• [TASK DIRECTIONS]:
Text only, exactly as given: reproduce the entries below without their pictures.

• [ENTRIES PROVIDED]:

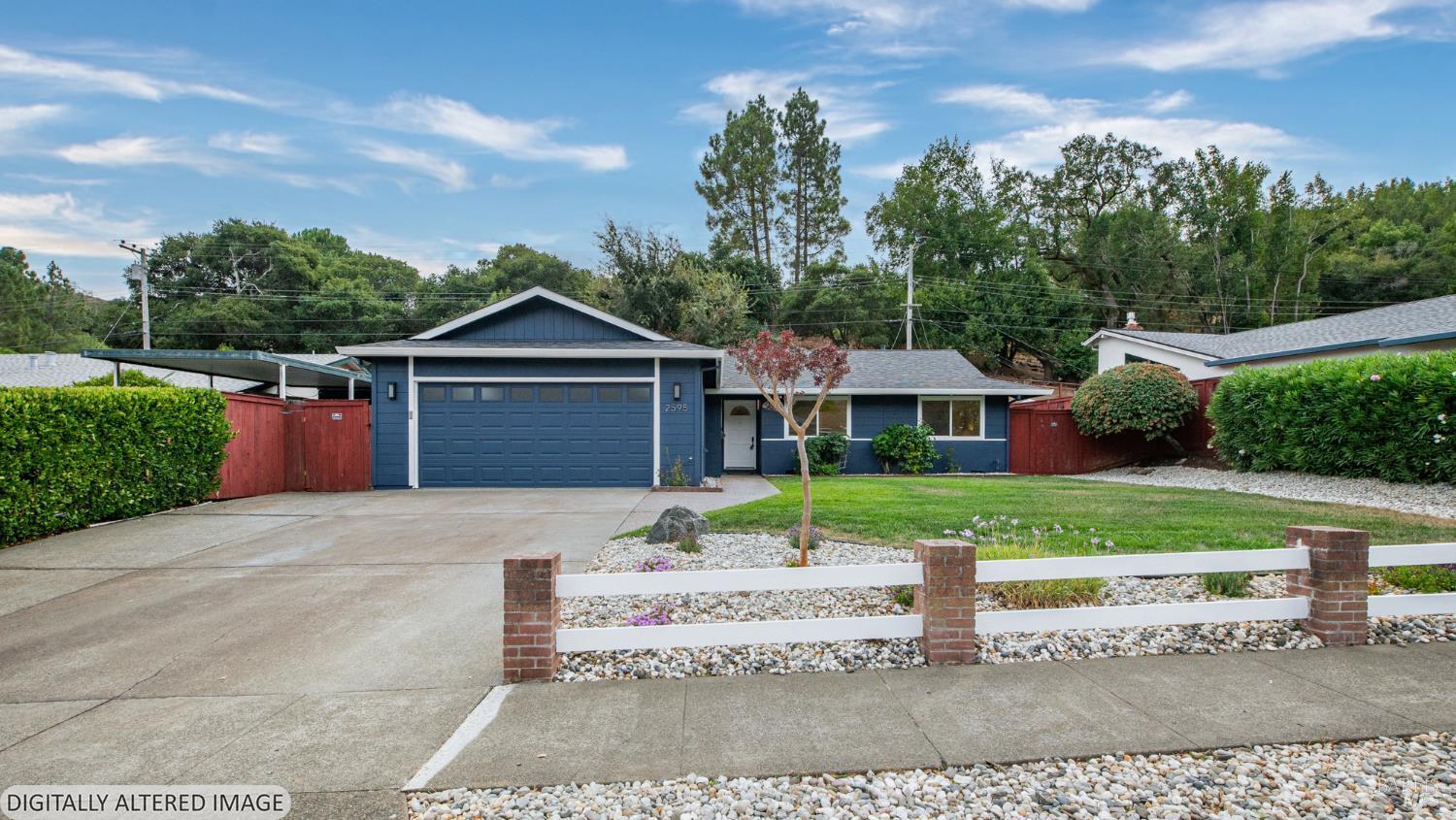 Blue single-story home with a wide garage, red side gates, and a low white-and-brick front fence.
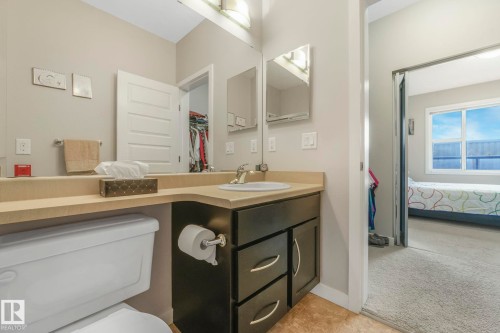 Ensuite bathroom featuring light carpet and vanity - 122 304 Ambleside Link Link, Edmonton, AB - Indoor Photo Showing Bathroom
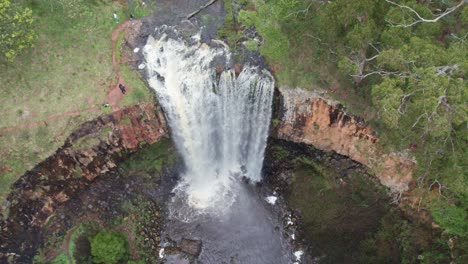 Drone-footage-of-water-flowing-over-the-Trentham-Falls-after-rain-on-22-Sepember,-2021,-Victoria,-Australia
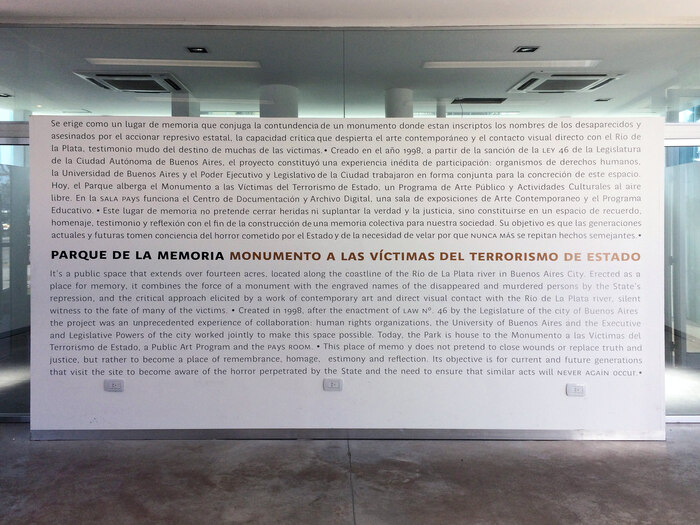 Wall with a bilingual description of the park and its objective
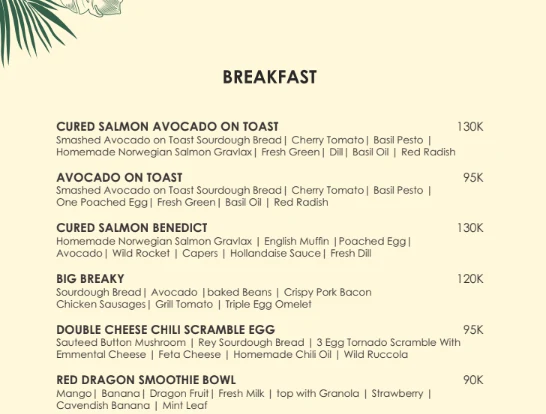 A page of the TIS Cafe Ubud menu showing breakfast dishes and prices — tap to open the full menu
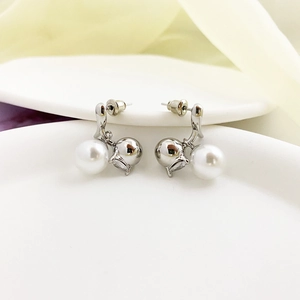 Detail of silver spherical studs with white pearl and mirrored metal ball design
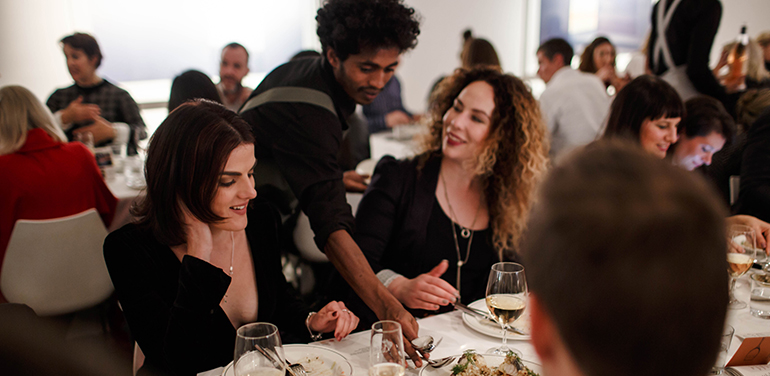 waiter serving diners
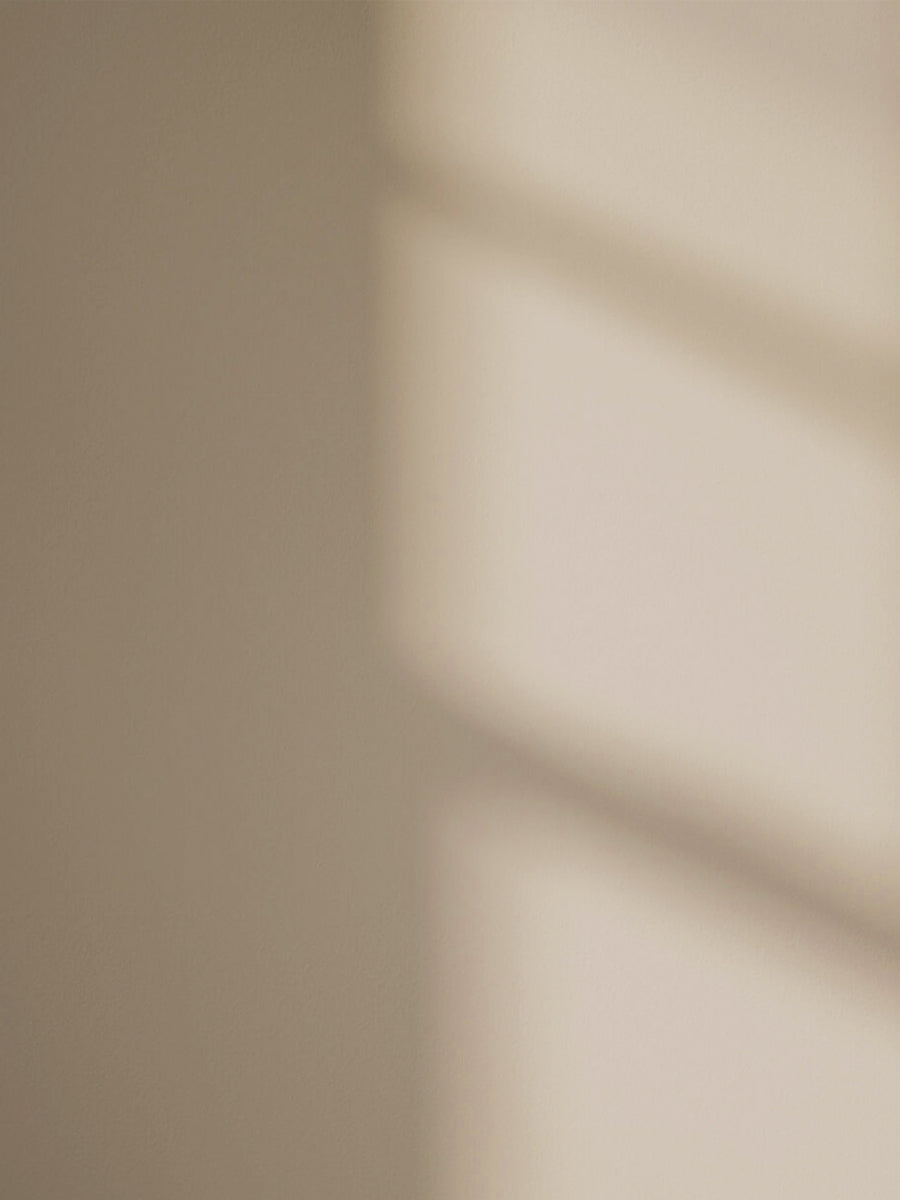 Beige 09 paint shade on the wall with shadow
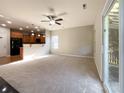 Spacious living room with fireplace and access to patio at 5052 Haven Lodge Rd, Matthews, NC 28104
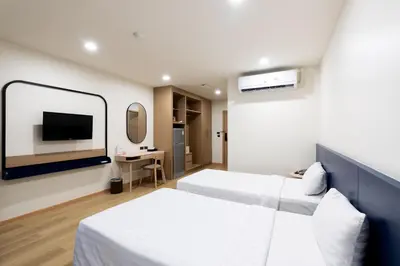 a hotel room with two beds and a flat screen tv at CA Hotel and Residence Phuket - SHA Extra Plus in Phuket Town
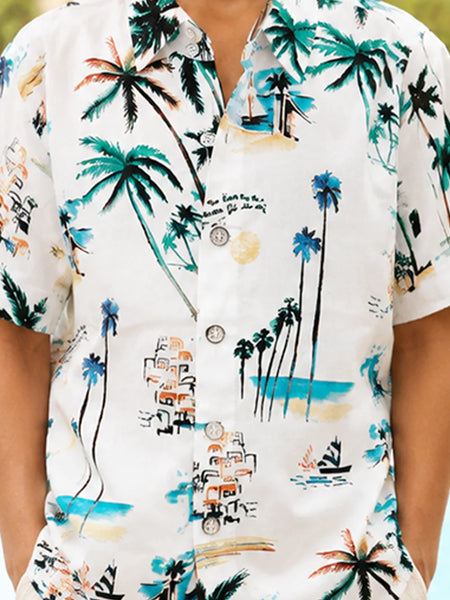 A man wearing a white short-sleeve button-up shirt with a colorful tropical beach print featuring palm trees, boats, and buildings.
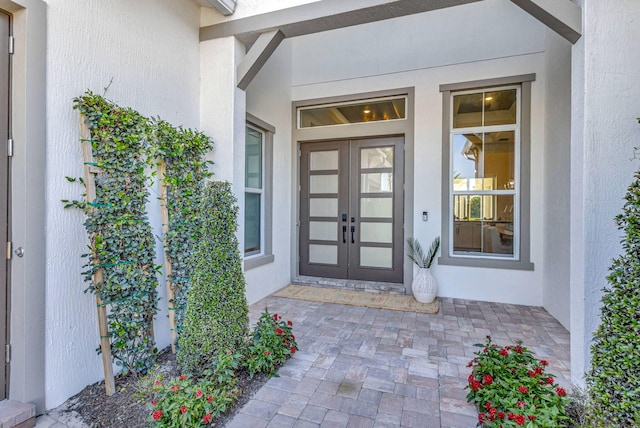 property entrance featuring french doors and stucco siding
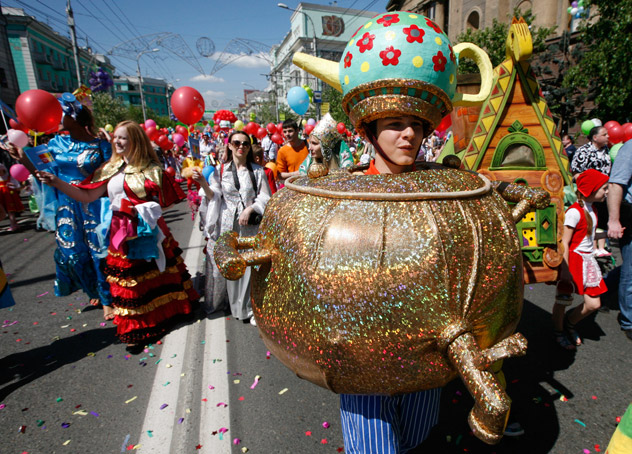 People walk during the City Children's Carnival in the centre of Russia's Siberian city of Krasnoyarsk June 1, 2012. More than 3,000 children, their relatives and teachers took part in the procession to celebrate International Children's Day, according to organizers. Source: Reuters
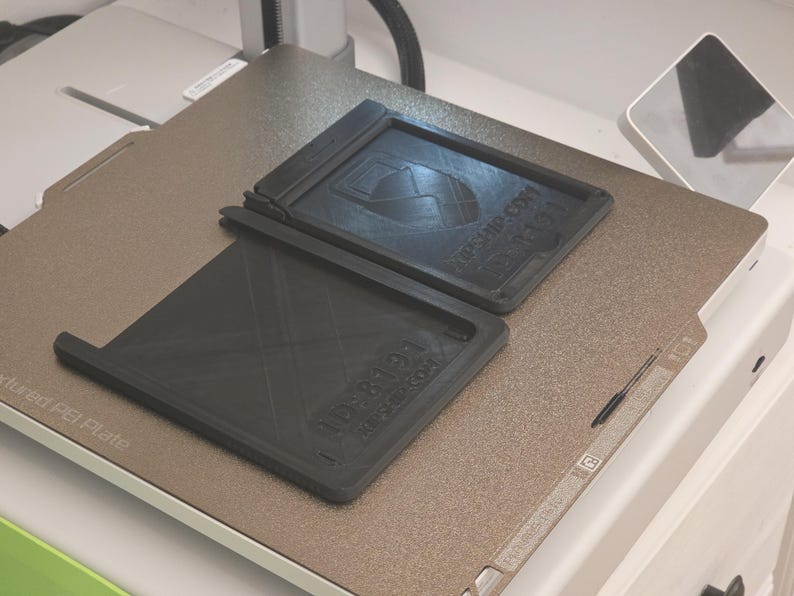 May include: Two black rectangular 3D-printed trays with text and a logo are displayed on a textured, metallic surface. One tray is open, and the other is closed. The text on the trays includes "KPSHIP.COM" and "1088194".
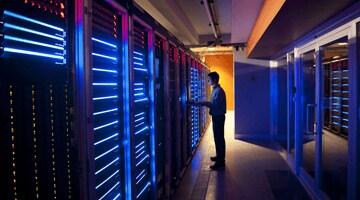 Fallstudien - ISO/IEC 27001 Serverraum in blau mit Mitarbeiter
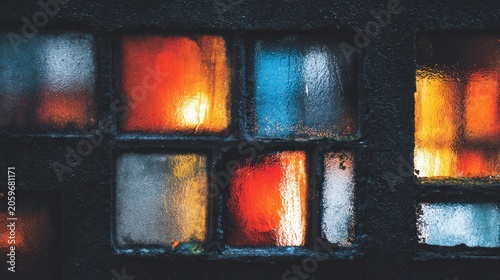 Illuminated interior spaces cast warm, contrasting colors through a grimy, textured exterior windowpane.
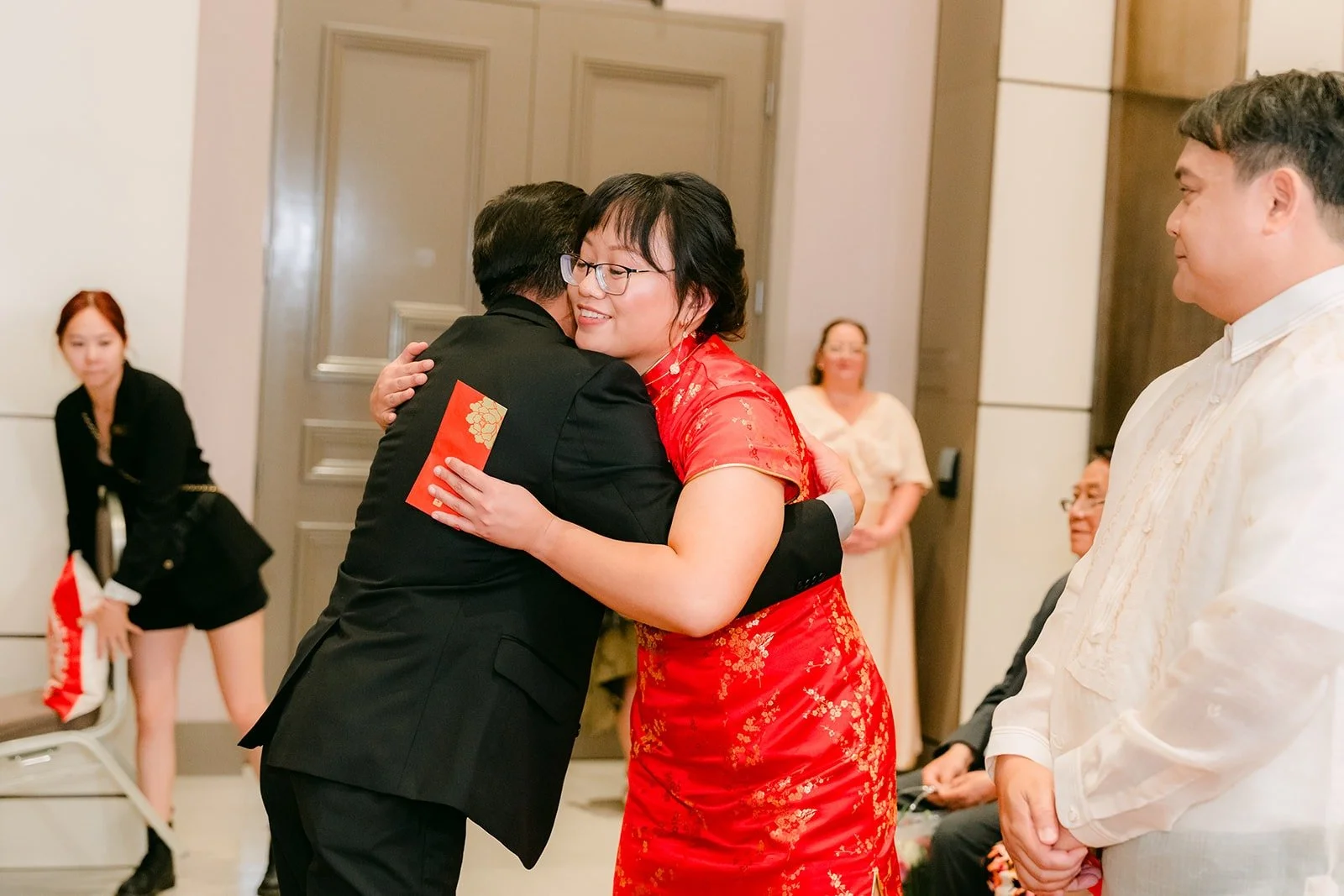 Stella sharing a hug with a guest during the tea ceremony
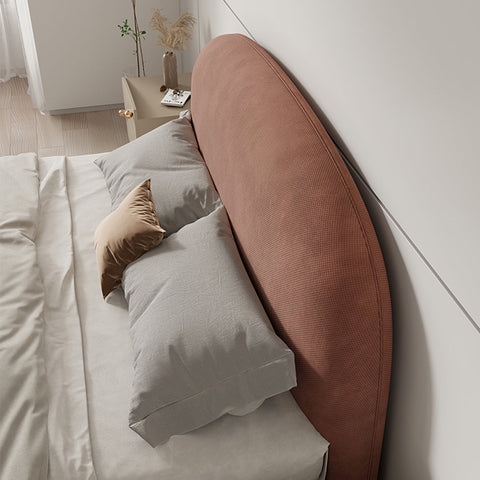 Soft curved rose gold fabric headboard of the fatima king size bed for girl with textured upholstery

• [OUTPUT BELOW]:
 Blue single-story home with a wide garage, red side gates, and a low white-and-brick front fence.
 Ensuite bathroom featuring light carpet and vanity - 122 304 Ambleside Link Link, Edmonton, AB - Indoor Photo Showing Bathroom
 Drone-footage-of-water-flowing-over-the-Trentham-Falls-after-rain-on-22-Sepember,-2021,-Victoria,-Australia
 Wall with a bilingual description of the park and its objective
 A page of the TIS Cafe Ubud menu showing breakfast dishes and prices — tap to open the full menu
 Detail of silver spherical studs with white pearl and mirrored metal ball design
 waiter serving diners
 Beige 09 paint shade on the wall with shadow
 Spacious living room with fireplace and access to patio at 5052 Haven Lodge Rd, Matthews, NC 28104
 a hotel room with two beds and a flat screen tv at CA Hotel and Residence Phuket - SHA Extra Plus in Phuket Town
 A man wearing a white short-sleeve button-up shirt with a colorful tropical beach print featuring palm trees, boats, and buildings.
 property entrance featuring french doors and stucco siding
 People walk during the City Children's Carnival in the centre of Russia's Siberian city of Krasnoyarsk June 1, 2012. More than 3,000 children, their relatives and teachers took part in the procession to celebrate International Children's Day, according to organizers. Source: Reuters
 May include: Two black rectangular 3D-printed trays with text and a logo are displayed on a textured, metallic surface. One tray is open, and the other is closed. The text on the trays includes "KPSHIP.COM" and "1088194".
 Fallstudien - ISO/IEC 27001 Serverraum in blau mit Mitarbeiter
 Illuminated interior spaces cast warm, contrasting colors through a grimy, textured exterior windowpane.
 Stella sharing a hug with a guest during the tea ceremony
 Soft curved rose gold fabric headboard of the fatima king size bed for girl with textured upholstery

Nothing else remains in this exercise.